World Mental Health Day, Oct. 10, is a day to combat the stigma that mental health struggles aren't real. Because they are.
Just in the U.S., about 1 in 5 adults experience mental illness annually, according to the National Alliance on Mental Health. About 1 in 25 struggle with a serious mental illness. Youth are the most affected — recent data showed the teen suicide rate is rising.
Here's some conversation among those who closely understand the realities associated with mental health:
“We have replaced the hospital bed with the jail cell, the homeless shelter and the coffin." — Rep. Tim Murphy, R-Pa., a child psychologist.
"If you struggle with mental illness, know that there are people out there who strive to make their workplace empathetic and supportive. You should never feel like you can’t address your emotional well-being because 'it’s just not something you talk about at work.'" — Madalyn Parker, a web developer who suffers from chronic depression and anxiety.
"It's impossible for people who have not experienced major depression to understand the depths of those feelings. This isn't sadness we're talking about. It's like falling into a pit and feeling like you're never going to hit the bottom." — Peggy Huppert, executive director of the National Alliance on Mental Illness Iowa.
"Every time light is shed on this illness, I think people's anxiety or sense of shame is reduced." —Ken Duckworth, medical director of the National Alliance on Mental Illness.
Borderline personality disorder
"Eating right and exercise can make a huge difference. And finally, if you’re in the cast of a late night comedy show it might help if they do more of your sketches.” — Pete Davidson about his borderline personality disorder during a past Saturday Night Live Weekend Update.
"We live in a culture where eating disorders thrive because of the messages we're exposed to." —Claire Mysko, head of youth outreach for the National Eating Disorders Association, or NEDA.
"I immediately look for an exit when I'm in a crowded room. I get a tight chest if I'm in a space I can't find a way out of. Sometimes I'm more afraid to sleep than I am to be awake because the things I dream about are really scary. And you don't know what to do. You seek therapy, you talk to people about it, but it's like you're trapped in your own mind." — said Brandon Wolf, who survived the Pulse nightclub shooting.

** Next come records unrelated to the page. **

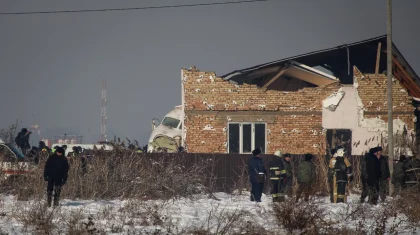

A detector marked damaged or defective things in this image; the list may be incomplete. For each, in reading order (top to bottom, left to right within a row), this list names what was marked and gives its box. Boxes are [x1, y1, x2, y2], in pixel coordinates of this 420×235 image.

damaged roof [221, 35, 418, 93]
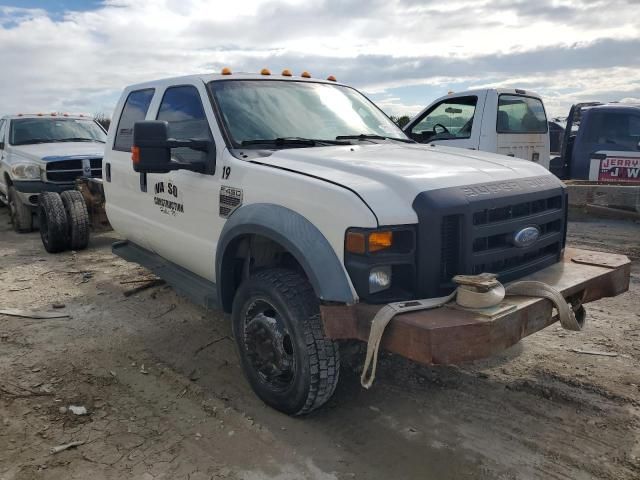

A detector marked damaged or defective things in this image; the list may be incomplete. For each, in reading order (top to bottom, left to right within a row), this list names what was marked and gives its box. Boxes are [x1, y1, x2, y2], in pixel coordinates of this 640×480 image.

rusty metal bumper [320, 249, 632, 366]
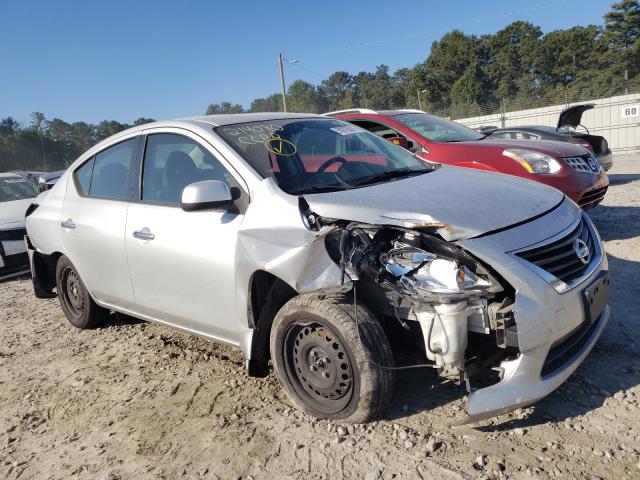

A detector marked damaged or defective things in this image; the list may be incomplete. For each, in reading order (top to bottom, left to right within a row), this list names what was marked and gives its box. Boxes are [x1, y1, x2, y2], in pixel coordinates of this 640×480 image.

crumpled hood [0, 198, 31, 230]
crumpled hood [302, 166, 564, 240]
damaged front end [304, 210, 520, 416]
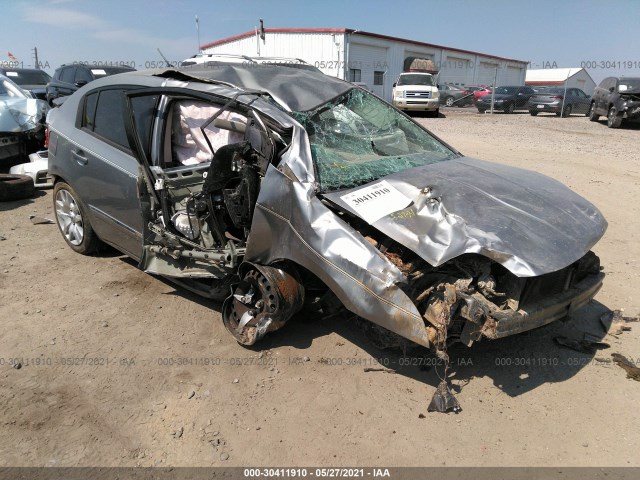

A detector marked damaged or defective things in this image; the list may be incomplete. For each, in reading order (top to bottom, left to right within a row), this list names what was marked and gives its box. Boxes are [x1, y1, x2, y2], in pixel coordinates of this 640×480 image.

crushed hood [0, 97, 47, 133]
severely damaged car [0, 74, 48, 163]
shattered windshield [292, 87, 458, 192]
damaged wheel [53, 181, 99, 255]
severely damaged car [47, 65, 608, 354]
crushed hood [322, 158, 608, 278]
damaged wheel [222, 262, 304, 344]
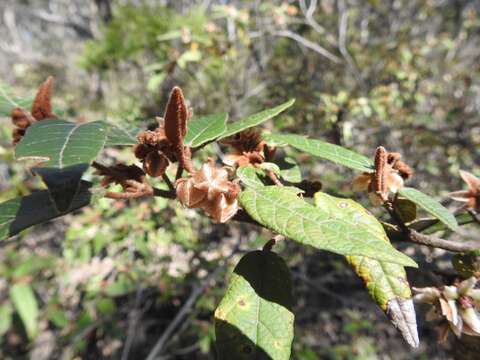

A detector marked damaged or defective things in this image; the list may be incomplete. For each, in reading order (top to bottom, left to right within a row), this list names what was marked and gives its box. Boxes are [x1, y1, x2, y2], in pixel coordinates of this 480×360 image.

rusty brown calyx [10, 76, 56, 145]
rusty brown calyx [132, 87, 194, 177]
rusty brown calyx [175, 160, 240, 222]
rusty brown calyx [222, 129, 276, 168]
rusty brown calyx [352, 146, 412, 205]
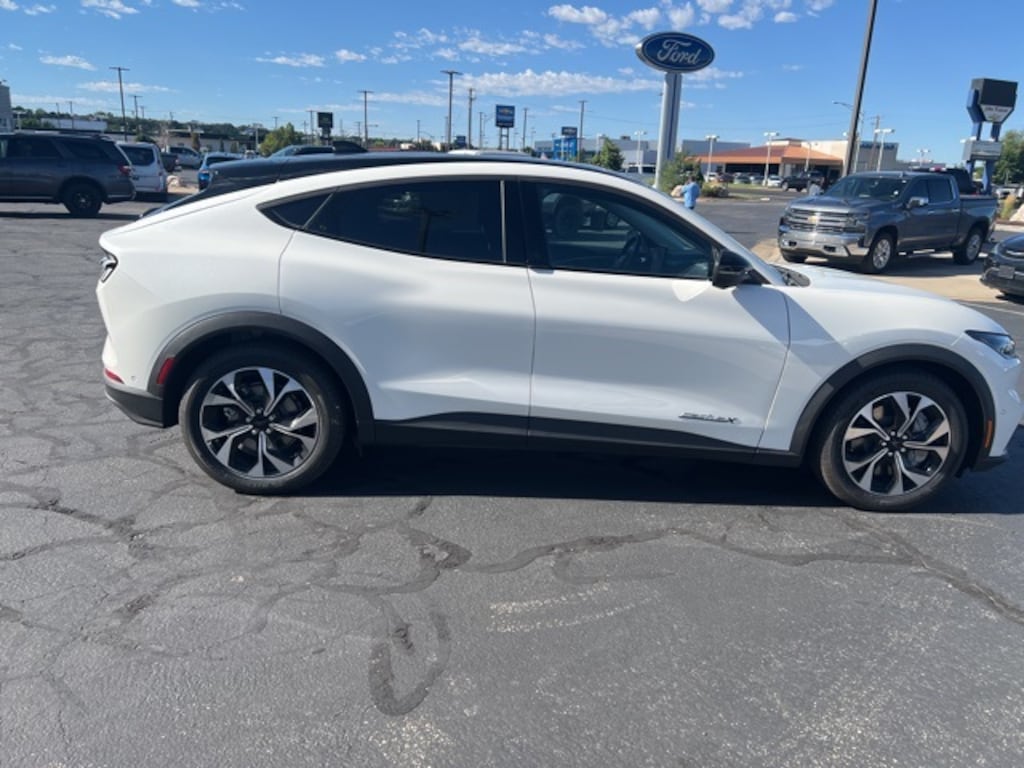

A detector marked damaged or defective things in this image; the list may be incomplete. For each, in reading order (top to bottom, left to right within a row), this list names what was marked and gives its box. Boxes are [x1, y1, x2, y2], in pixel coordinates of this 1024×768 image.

cracked asphalt [2, 199, 1024, 768]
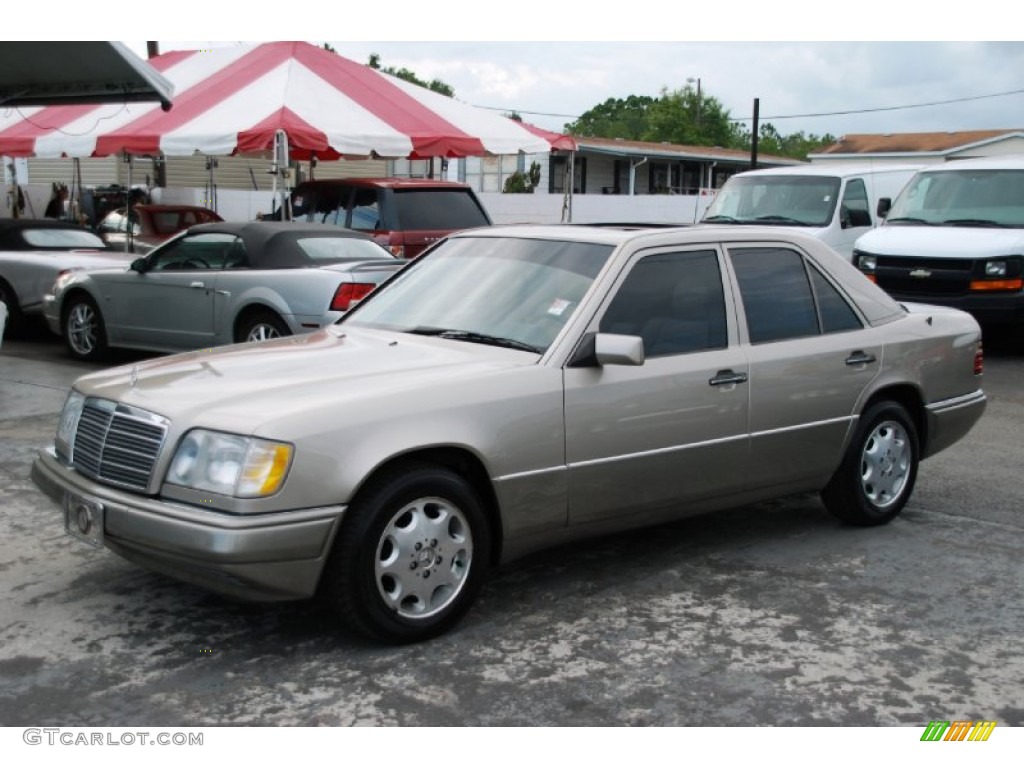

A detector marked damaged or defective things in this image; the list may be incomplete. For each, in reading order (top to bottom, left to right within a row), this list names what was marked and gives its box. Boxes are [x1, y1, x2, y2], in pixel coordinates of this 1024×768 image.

cracked asphalt [2, 326, 1024, 728]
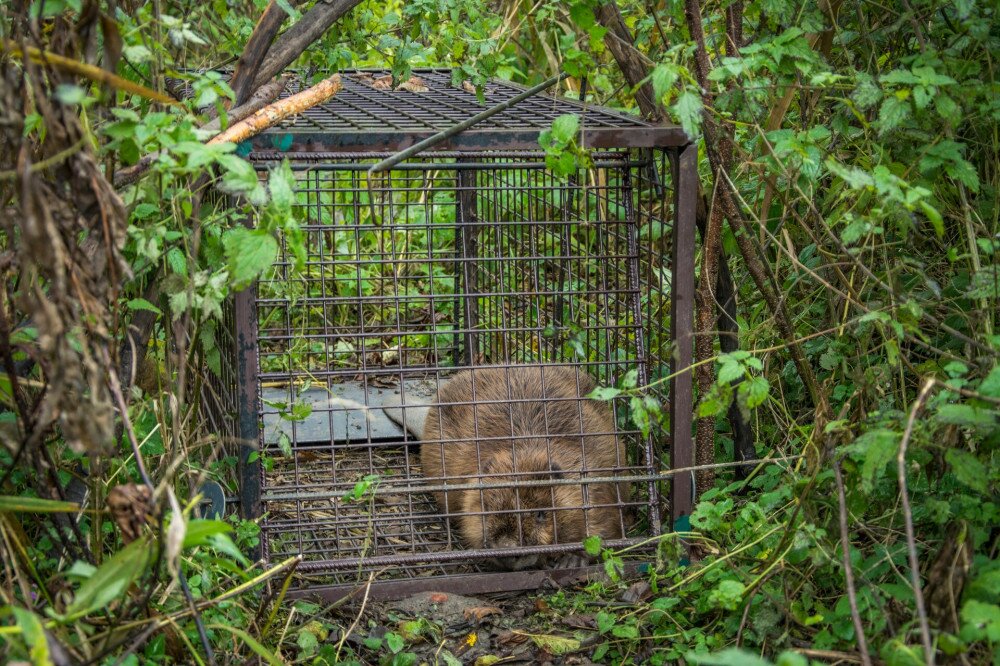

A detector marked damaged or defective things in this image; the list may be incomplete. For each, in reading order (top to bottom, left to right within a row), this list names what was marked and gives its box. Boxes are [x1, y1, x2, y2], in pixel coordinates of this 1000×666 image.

rusty metal [201, 68, 696, 596]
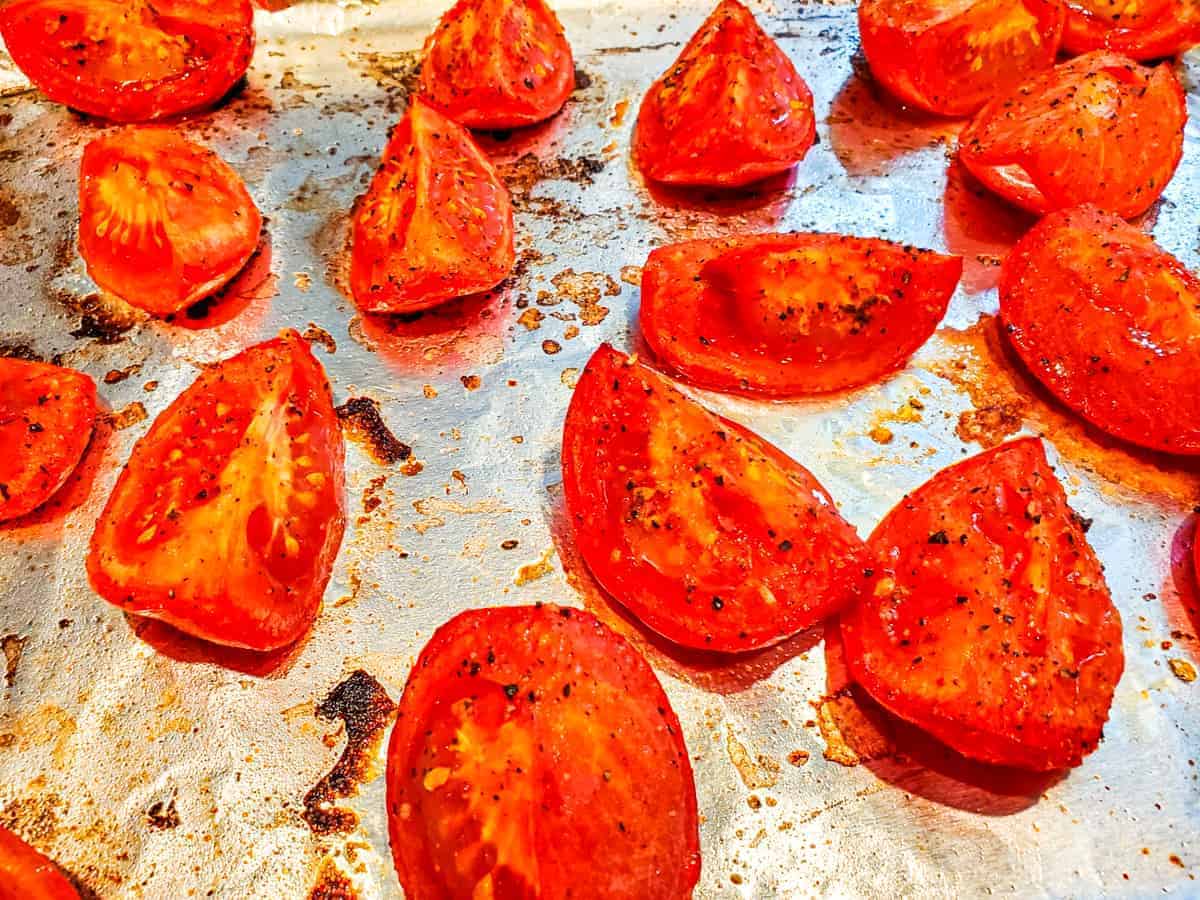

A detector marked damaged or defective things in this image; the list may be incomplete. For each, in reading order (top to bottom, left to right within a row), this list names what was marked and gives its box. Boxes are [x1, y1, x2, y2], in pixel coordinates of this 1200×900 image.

burnt residue [302, 672, 396, 840]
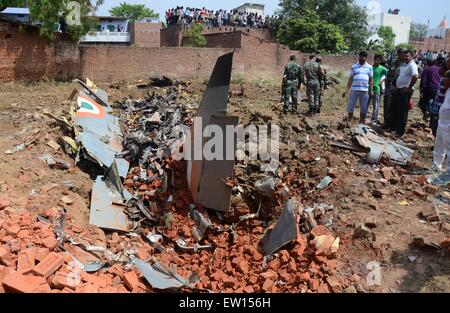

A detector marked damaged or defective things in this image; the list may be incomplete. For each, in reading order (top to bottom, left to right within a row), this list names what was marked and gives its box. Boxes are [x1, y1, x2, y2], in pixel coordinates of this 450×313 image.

broken brick wall [0, 18, 80, 81]
broken brick wall [129, 22, 163, 47]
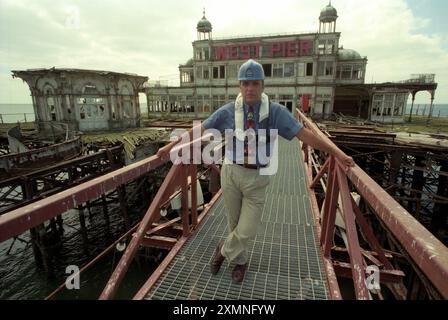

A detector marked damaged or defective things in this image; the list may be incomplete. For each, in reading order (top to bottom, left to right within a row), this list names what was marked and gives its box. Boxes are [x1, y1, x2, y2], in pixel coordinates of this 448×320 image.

damaged facade [11, 69, 147, 136]
damaged facade [145, 4, 436, 124]
rusted steel beam [0, 154, 168, 241]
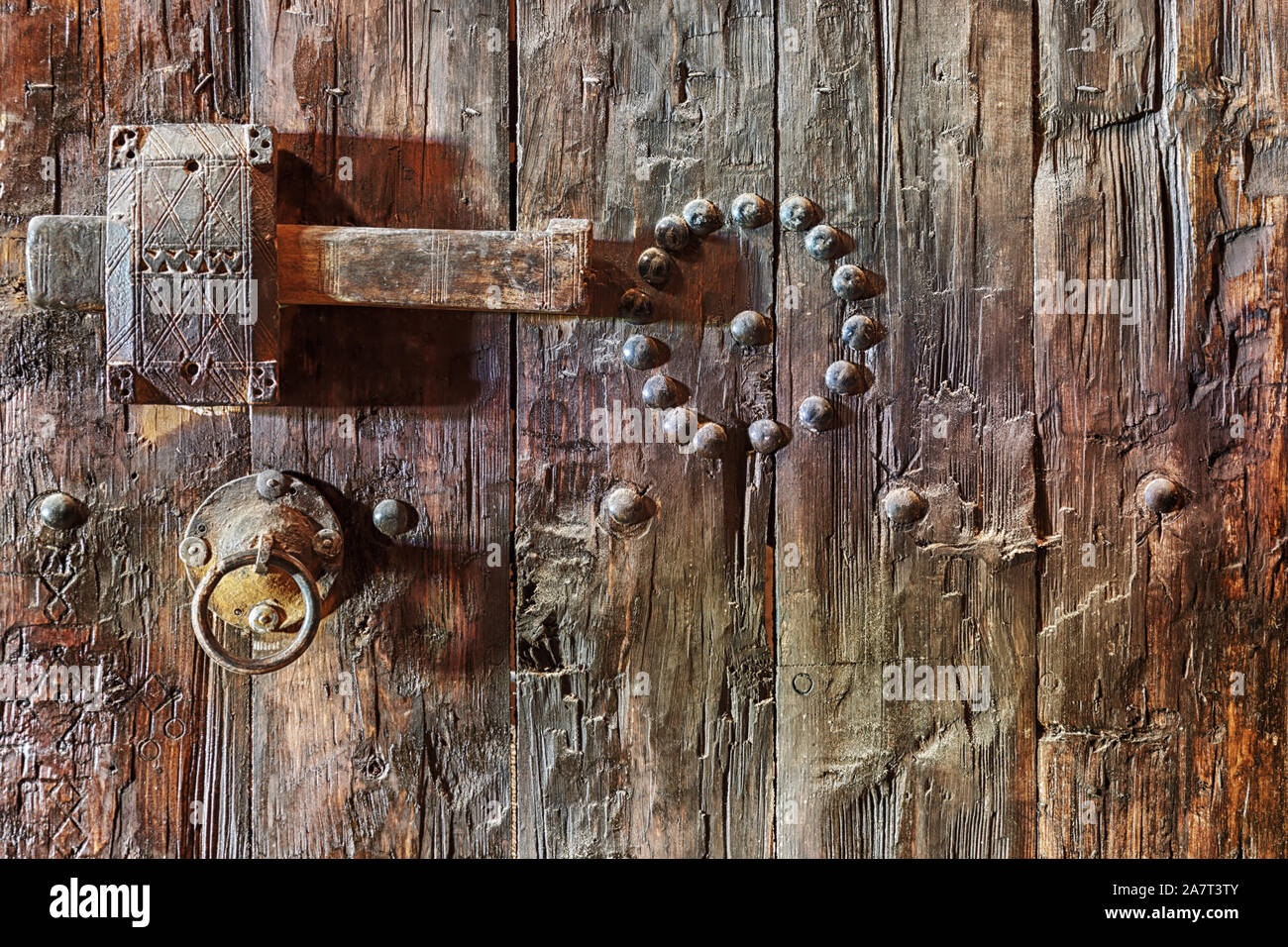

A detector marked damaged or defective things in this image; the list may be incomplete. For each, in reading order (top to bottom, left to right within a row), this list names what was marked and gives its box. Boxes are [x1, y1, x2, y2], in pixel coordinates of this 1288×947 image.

rusted iron hardware [29, 121, 592, 404]
splintered wood edge [279, 219, 590, 314]
rusted iron hardware [181, 472, 345, 670]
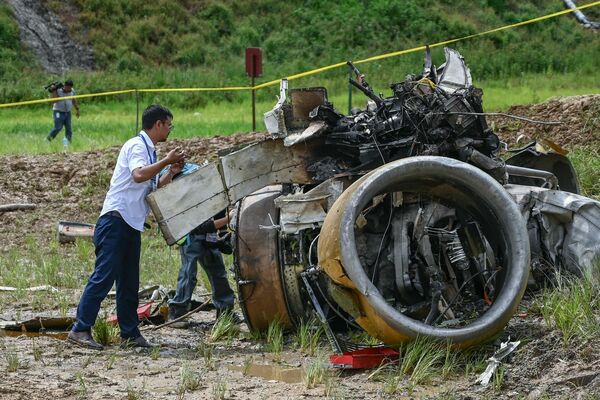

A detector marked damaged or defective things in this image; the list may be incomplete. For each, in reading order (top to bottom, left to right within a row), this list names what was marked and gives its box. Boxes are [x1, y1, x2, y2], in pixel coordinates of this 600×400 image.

burned aircraft wreckage [146, 47, 600, 350]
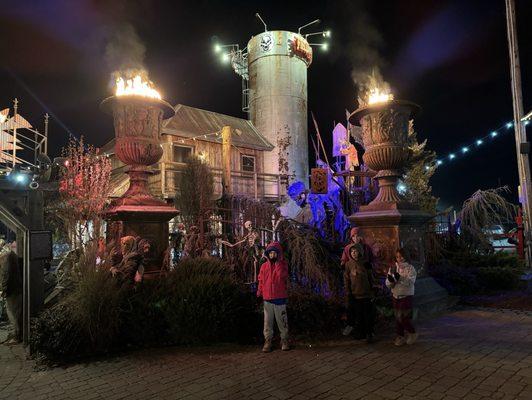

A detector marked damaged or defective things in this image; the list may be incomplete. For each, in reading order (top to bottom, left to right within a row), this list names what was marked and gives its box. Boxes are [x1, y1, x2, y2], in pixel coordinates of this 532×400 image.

rusty metal roof [163, 104, 274, 151]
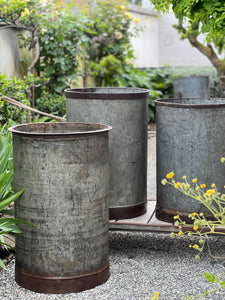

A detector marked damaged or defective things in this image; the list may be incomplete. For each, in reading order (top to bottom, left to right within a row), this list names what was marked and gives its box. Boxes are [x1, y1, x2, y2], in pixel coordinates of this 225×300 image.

rusty metal base [109, 202, 148, 220]
rusty metal base [156, 205, 217, 224]
rusty metal base [14, 264, 110, 294]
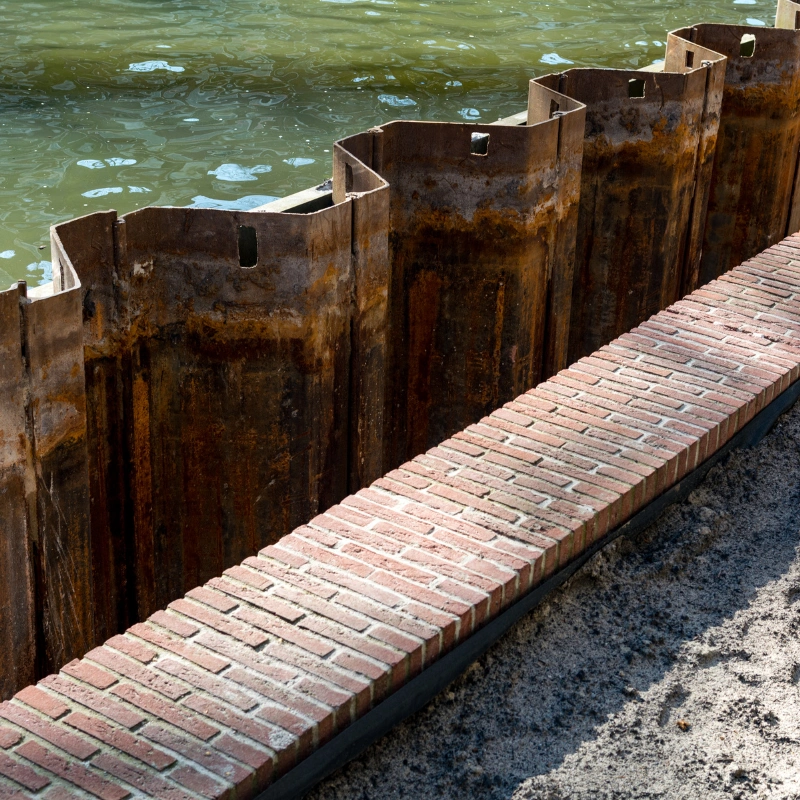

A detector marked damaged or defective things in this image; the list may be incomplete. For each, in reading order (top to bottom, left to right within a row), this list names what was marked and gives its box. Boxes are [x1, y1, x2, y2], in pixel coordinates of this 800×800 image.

“You sort of think you’re the only one who hears them. You could imagine what it was like in 1972, and the stigma attached to mental illness. Sometimes, I think the stigma now is less, and sometimes, I think it isn’t less.” —Herb Maloney, who suffers from schizophrenia.
“Many people view suicide as a mental health problem, but many people who die of suicide do not have a mental health problem. It’s a public health problem." —Kristin Holland, a behavioral scientist at the Center for Disease Control.